BEGIN
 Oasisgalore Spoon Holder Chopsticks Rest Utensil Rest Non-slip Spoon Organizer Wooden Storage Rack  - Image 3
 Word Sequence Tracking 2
END
BEGIN
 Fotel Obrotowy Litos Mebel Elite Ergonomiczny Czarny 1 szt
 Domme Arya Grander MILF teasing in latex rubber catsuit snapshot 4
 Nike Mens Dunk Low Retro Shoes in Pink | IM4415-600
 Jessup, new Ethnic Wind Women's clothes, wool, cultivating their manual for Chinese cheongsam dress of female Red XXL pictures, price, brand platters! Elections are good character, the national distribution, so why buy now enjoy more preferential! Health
END
Find the line with "Nike Mens Dunk" in the material above. Reproduce it and each line after it up to and including the line with "Jessup, new Ethnic".

## Exercise answer
 Nike Mens Dunk Low Retro Shoes in Pink | IM4415-600
 Jessup, new Ethnic Wind Women's clothes, wool, cultivating their manual for Chinese cheongsam dress of female Red XXL pictures, price, brand platters! Elections are good character, the national distribution, so why buy now enjoy more preferential! Health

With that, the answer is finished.